Dome of a Home, in Pensacola Beach, Florida, did it again reports the Monolithic Dome Institute.
This 70' x 54', luxurious, beachfront property that is the home of Valerie and Mark Sigler, as well as a bed and breakfast, has survived its third serious hurricane in a year. This time, it was Katrina, the Category 5 hurricane that devasted so much of the Gulf Coast. But unfortunately, not all of the facility escaped the wrath of the hurricanes.
While inspecting the dome, Mark discovered part of a concrete wall, weighing about two tons, atop their geothermal well system.

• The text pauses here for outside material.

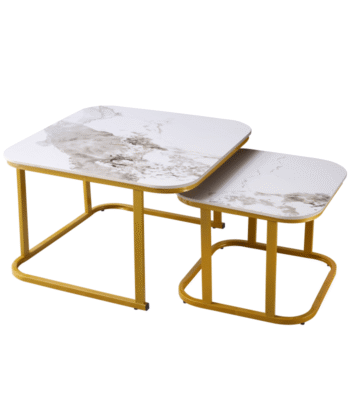 Nesting Nordic Luxury Coffee Table, nordic nesting coffee table, luxury nesting table set, modern nordic coffee table, scandinavian nesting table, minimalist coffee table set, luxury living room table, round nesting coffee table, marble top nesting table, wooden nesting coffee table, contemporary nordic table, modern luxury coffee table set, space saving nesting tables, premium nordic furniture, elegant coffee table set, stylish living room table, modern round coffee table, nordic style nesting table, designer coffee table set, high end nesting tables, minimalist living room table, luxury round coffee table, nordic wooden coffee table, modern marble coffee table, chic nesting table set, scandinavian luxury furniture, contemporary living room coffee table, small space nesting table, modern lounge coffee table, nordic home decor table, elegant marble nesting table, premium wooden nesting tables, modern center table set, luxury scandinavian coffee table, round wooden nesting table, nesting coffee tables for living room, modern minimalist table set, nordic style living room furniture, contemporary round coffee table, high end marble coffee table, designer nesting center table, luxury apartment coffee table, modern glass nesting table, nordic chic coffee table, wooden round nesting tables, minimalist marble table set, premium lounge coffee table, stylish nesting tables set, modern home coffee table, luxury interior coffee table, scandinavian round table set, space saving round tables, contemporary nesting coffee table set, nordic inspired coffee table, elegant living room nesting table, modern luxury round table, designer wooden coffee table, high gloss nesting table, minimalist nordic table set, luxury marble center table, modern scandinavian nesting table, round coffee table set of 2, premium quality nesting table, nordic modern center table, contemporary wooden nesting tables, elegant round marble coffee table, stylish scandinavian table set, luxury minimalist coffee table, modern nesting accent table, nordic round lounge table, designer luxury nesting table, high end living room table set, modern marble nesting coffee table, scandinavian style center table, wooden nesting table for apartment, luxury round glass coffee table, nordic white coffee table, minimalist wooden center table, premium nesting coffee table set, modern living room centerpiece table, elegant nordic nesting tables, contemporary luxury coffee table, space saving center table set, scandinavian decor coffee table, round luxury nesting tables, modern nordic lounge table, designer marble coffee table set, high end nesting accent table, minimalist round wooden table, luxury home lounge table, nordic interior coffee table, contemporary round nesting tables, premium scandinavian coffee table, stylish luxury center table, modern marble round table set, elegant nesting table set for living room, nordic chic round table, wooden luxury coffee table set, minimalist living room nesting tables, high end marble nesting table set, designer nordic center table, modern round accent table set, luxury scandinavian nesting coffee table, contemporary apartment coffee table, premium modern nesting tables, nordic decor round table, elegant lounge nesting tables, modern glass round coffee table, luxury wooden center table, scandinavian nesting side table, minimalist coffee table for small spaces, high end nordic furniture table, modern round nesting center table, designer living room coffee table set, luxury white marble nesting table, contemporary nordic decor table, premium round nesting table set, stylish minimalist coffee table, modern wood and marble coffee table, elegant scandinavian lounge table, luxury nesting coffee table for apartment, nordic inspired center table, high end modern lounge table, minimalist nesting accent tables, designer marble nesting center table, contemporary round wooden coffee table, premium nordic luxury table, modern scandinavian round nesting table, elegant marble top coffee table set, stylish nesting center table, luxury living room round table, nordic minimalist coffee table set, high end apartment coffee table, modern designer nesting tables, scandinavian wooden coffee table set, premium marble nesting table, contemporary luxury round table, nordic modern glass coffee table, elegant small space nesting tables, designer nordic luxury center table, high end wooden nesting coffee table, modern minimalist round nesting tables, luxury lounge round coffee table, scandinavian decor nesting table set, premium center table for living room, nordic chic luxury table, contemporary marble round table set, stylish wooden nesting coffee table, modern living room nesting table set, luxury designer round coffee table, nordic white nesting table, high end scandinavian coffee table set, minimalist marble center table, premium wooden round nesting table, modern apartment nesting coffee table, elegant luxury nesting table set, contemporary nordic wooden table, stylish round marble nesting table, luxury home decor coffee table, nordic inspired marble table, high end nesting coffee table for living room, modern glass top nesting table, premium minimalist lounge table, scandinavian round center table set, elegant wooden coffee table set, luxury nordic nesting accent table, contemporary modern round table, stylish marble nesting tables set, high end living room nesting table, modern scandinavian wood coffee table, premium round center table, nordic decor wooden nesting table, elegant modern luxury coffee table set, luxury nesting coffee table with marble top, contemporary apartment nesting table, stylish nordic round coffee table, high end modern nesting center table, minimalist wooden nesting accent table, premium luxury lounge table set, nordic chic center table, elegant marble round nesting coffee table, modern designer luxury nesting table, scandinavian style wooden coffee table set, high end nordic nesting coffee table, minimalist modern center table set, premium marble top nesting tables, contemporary luxury living room coffee table, stylish nordic nesting center table, luxury wooden lounge table, modern round nesting table for apartment, high end glass nesting coffee table, elegant scandinavian center table, premium minimalist nesting table set, nordic decor marble coffee table, stylish luxury living room table set, modern wooden nesting table set, high end marble center table, minimalist scandinavian coffee table set, premium round nesting tables for small spaces, nordic inspired living room table, elegant modern round coffee table set, luxury nesting center table with storage look, contemporary wooden round table set, stylish glass nesting coffee table, high end nordic lounge table, minimalist luxury marble nesting table, premium scandinavian decor table set, modern round coffee table nesting design, elegant apartment size nesting tables, luxury nordic wooden coffee table set, contemporary designer nesting center table, stylish marble round table set, high end modern scandinavian coffee table, minimalist nesting table set for living room, premium luxury center table set, nordic modern wood nesting table, elegant marble accent nesting table, luxury contemporary round coffee table set, modern chic nesting tables, high end designer lounge table, minimalist nordic round center table, premium living room nesting coffee table, stylish wooden round nesting table set, luxury modern glass coffee table, contemporary nordic style center table, high end wooden round nesting table, minimalist scandinavian nesting coffee table, premium luxury marble center table set, modern apartment round coffee table nesting design, elegant nordic inspired nesting tables, luxury designer marble coffee table set, contemporary minimalist lounge table, stylish scandinavian round nesting coffee table, high end modern wooden center table set, minimalist luxury apartment coffee table, premium nordic nesting table set for small living room.Nesting Nordic Luxury Coffee Table in Nairobi, Nesting Nordic Luxury Coffee Table in Mombasa, Nesting Nordic Luxury Coffee Table in Kisumu, Nesting Nordic Luxury Coffee Table in Nakuru, Nesting Nordic Luxury Coffee Table in Eldoret, Nesting Nordic Luxury Coffee Table in Thika, Nesting Nordic Luxury Coffee Table in Ruiru, Nesting Nordic Luxury Coffee Table in Juja, Nesting Nordic Luxury Coffee Table in Kiambu, Nesting Nordic Luxury Coffee Table in Kikuyu, Nesting Nordic Luxury Coffee Table in Limuru, Nesting Nordic Luxury Coffee Table in Ngong, Nesting Nordic Luxury Coffee Table in Kiserian, Nesting Nordic Luxury Coffee Table in Ongata Rongai, Nesting Nordic Luxury Coffee Table in Kitengela, Nesting Nordic Luxury Coffee Table in Athi River, Nesting Nordic Luxury Coffee Table in Syokimau, Nesting Nordic Luxury Coffee Table in Mlolongo, Nesting Nordic Luxury Coffee Table in Machakos, Nesting Nordic Luxury Coffee Table in Makueni, Nesting Nordic Luxury Coffee Table in Kitui, Nesting Nordic Luxury Coffee Table in Embu, Nesting Nordic Luxury Coffee Table in Meru, Nesting Nordic Luxury Coffee Table in Nanyuki, Nesting Nordic Luxury Coffee Table in Nyeri, Nesting Nordic Luxury Coffee Table in Karatina, Nesting Nordic Luxury Coffee Table in Othaya, Nesting Nordic Luxury Coffee Table in Kerugoya, Nesting Nordic Luxury Coffee Table in Chuka, Nesting Nordic Luxury Coffee Table in Isiolo, Nesting Nordic Luxury Coffee Table in Marsabit, Nesting Nordic Luxury Coffee Table in Moyale, Nesting Nordic Luxury Coffee Table in Garissa, Nesting Nordic Luxury Coffee Table in Wajir, Nesting Nordic Luxury Coffee Table in Mandera, Nesting Nordic Luxury Coffee Table in Malindi, Nesting Nordic Luxury Coffee Table in Kilifi, Nesting Nordic Luxury Coffee Table in Mtwapa, Nesting Nordic Luxury Coffee Table in Vipingo, Nesting Nordic Luxury Coffee Table in Watamu, Nesting Nordic Luxury Coffee Table in Lamu, Nesting Nordic Luxury Coffee Table in Ukunda, Nesting Nordic Luxury Coffee Table in Diani, Nesting Nordic Luxury Coffee Table in Kwale, Nesting Nordic Luxury Coffee Table in Taveta, Nesting Nordic Luxury Coffee Table in Voi, Nesting Nordic Luxury Coffee Table in Taita Taveta, Nesting Nordic Luxury Coffee Table in Bungoma, Nesting Nordic Luxury Coffee Table in Webuye, Nesting Nordic Luxury Coffee Table in Kimilili, Nesting Nordic Luxury Coffee Table in Kakamega, Nesting Nordic Luxury Coffee Table in Mumias, Nesting Nordic Luxury Coffee Table in Busia, Nesting Nordic Luxury Coffee Table in Siaya, Nesting Nordic Luxury Coffee Table in Ugunja, Nesting Nordic Luxury Coffee Table in Kisii, Nesting Nordic Luxury Coffee Table in Nyamira, Nesting Nordic Luxury Coffee Table in Kericho, Nesting Nordic Luxury Coffee Table in Bomet, Nesting Nordic Luxury Coffee Table in Narok, Nesting Nordic Luxury Coffee Table in Kilgoris, Nesting Nordic Luxury Coffee Table in Kajiado, Nesting Nordic Luxury Coffee Table in Namanga, Nesting Nordic Luxury Coffee Table in Naivasha, Nesting Nordic Luxury Coffee Table in Gilgil, Nesting Nordic Luxury Coffee Table in Nyahururu, Nesting Nordic Luxury Coffee Table in Eldama Ravine, Nesting Nordic Luxury Coffee Table in Kabarnet, Nesting Nordic Luxury Coffee Table in Maralal, Nesting Nordic Luxury Coffee Table in Lodwar, Nesting Nordic Luxury Coffee Table in Kapenguria, Nesting Nordic Luxury Coffee Table in Kitale, Nesting Nordic Luxury Coffee Table in Kapsabet, Nesting Nordic Luxury Coffee Table in Iten, Nesting Nordic Luxury Coffee Table in Homa Bay, Nesting Nordic Luxury Coffee Table in Migori, Nesting Nordic Luxury Coffee Table in Rongo, Nesting Nordic Luxury Coffee Table in Awendo, Nesting Nordic Luxury Coffee Table in Kehancha, Nesting Nordic Luxury Coffee Table in Suba, Nesting Nordic Luxury Coffee Table in Mbita, Nesting Nordic Luxury Coffee Table in Muhoroni, Nesting Nordic Luxury Coffee Table in Ahero, Nesting Nordic Luxury Coffee Table in Oyugis, Nesting Nordic Luxury Coffee Table in Litein, Nesting Nordic Luxury Coffee Table in Sotik, Nesting Nordic Luxury Coffee Table in Londiani, Nesting Nordic Luxury Coffee Table in Emali, Nesting Nordic Luxury Coffee Table in Sultan Hamud, Nesting Nordic Luxury Coffee Table in Makindu, Nesting Nordic Luxury Coffee Table in Kibwezi, Nesting Nordic Luxury Coffee Table in Matuu, Nesting Nordic Luxury Coffee Table in Kangundo, Nesting Nordic Luxury Coffee Table in Tala, Nesting Nordic Luxury Coffee Table in Githurai, Nesting Nordic Luxury Coffee Table in Kahawa, Nesting Nordic Luxury Coffee Table in Ruaka, Nesting Nordic Luxury Coffee Table in Westlands, Nesting Nordic Luxury Coffee Table in Karen, Nesting Nordic Luxury Coffee Table in Kilimani, Nesting Nordic Luxury Coffee Table in Kileleshwa, Nesting Nordic Luxury Coffee Table in Parklands, Nesting Nordic Luxury Coffee Table in Donholm, Nesting Nordic Luxury Coffee Table in Embakasi, Nesting Nordic Luxury Coffee Table in Kasarani, Nesting Nordic Luxury Coffee Table in Langata, Nesting Nordic Luxury Coffee Table in South B, Nesting Nordic Luxury Coffee Table in South C, Nesting Nordic Luxury Coffee Table in Eastleigh, Nesting Nordic Luxury Coffee Table in Umoja, Nesting Nordic Luxury Coffee Table in Buruburu, Nesting Nordic Luxury Coffee Table in Dagoretti, Nesting Nordic Luxury Coffee Table in Rongai, Nesting Nordic Luxury Coffee Table in Kinoo, Nesting Nordic Luxury Coffee Table in Kawangware, Nesting Nordic Luxury Coffee Table in Runda, Nesting Nordic Luxury Coffee Table in Thome, Nesting Nordic Luxury Coffee Table in Zimmerman, Nesting Nordic Luxury Coffee Table in Roysambu, Nesting Nordic Luxury Coffee Table in Nyali, Nesting Nordic Luxury Coffee Table in Bamburi, Nesting Nordic Luxury Coffee Table in Shanzu, Nesting Nordic Luxury Coffee Table in Likoni, Nesting Nordic Luxury Coffee Table in Changamwe, Nesting Nordic Luxury Coffee Table in Kisauni, Nesting Nordic Luxury Coffee Table in Mariakani, Nesting Nordic Luxury Coffee Table in Kaloleni, Nesting Nordic Luxury Coffee Table in Hola, Nesting Nordic Luxury Coffee Table in Garsen, Nesting Nordic Luxury Coffee Table in Bura, Nesting Nordic Luxury Coffee Table in Witu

"Hurricane Ivan (September 2004) knocked down a block house next door to us," Mark reports. "Our neighbors cleaned the debris away from that house. But they didn't see part of a wall covered by sand.
"Somewhere between Hurricane Dennis (July 2005) and Katrina, that wall got moved," he continues. "The surge came over and moved that concrete wall against the ring beam of our dome, and left it resting atop our geothermal well system. It crushed the well head."
Neither the wall nor the damage it caused could be seen until Mark began digging.
"Four to five feet down through all this sand, I began finding debris from this house that, at one time, was above ground and about 30 feet away from us," he says. "A hurricane's water surge can turn everything to soup for seven or eight feet down. That's why you put the dome on pilings."
Seven geothermal wells serve Dome of a Home. Each goes down for about 250 feet. At about three feet below the surface, where the well head is, they all tie together and go in and out of the house.
"That's where the wall ended up," Mark says. "I'm repairing it today. That's the major extent of our damage. The dome itself is not damaged."
Although they have electrical power, Mark says that there is a serious shortage of materials, equipment and manpower in the area.
"It took me days to locate a lift with a basket that I can use to lift myself to the top of the dome, and it's 100 miles away," he says.
Nevertheless, Mark has started recoating the outside of the dome. He says, "I've already redone the underneath side. To make it even more water-resistant, I rhino lined the entire garage ceiling where all the pipes go through the house. Now, no matter how much water is driven up there, it won't come through the floor system."
Note: Rhino liner is a polyurethane material that can be sprayed onto concrete and many other surfaces to make them water-tight. It's most often used to line truck beds and/or the underside of a vehicle.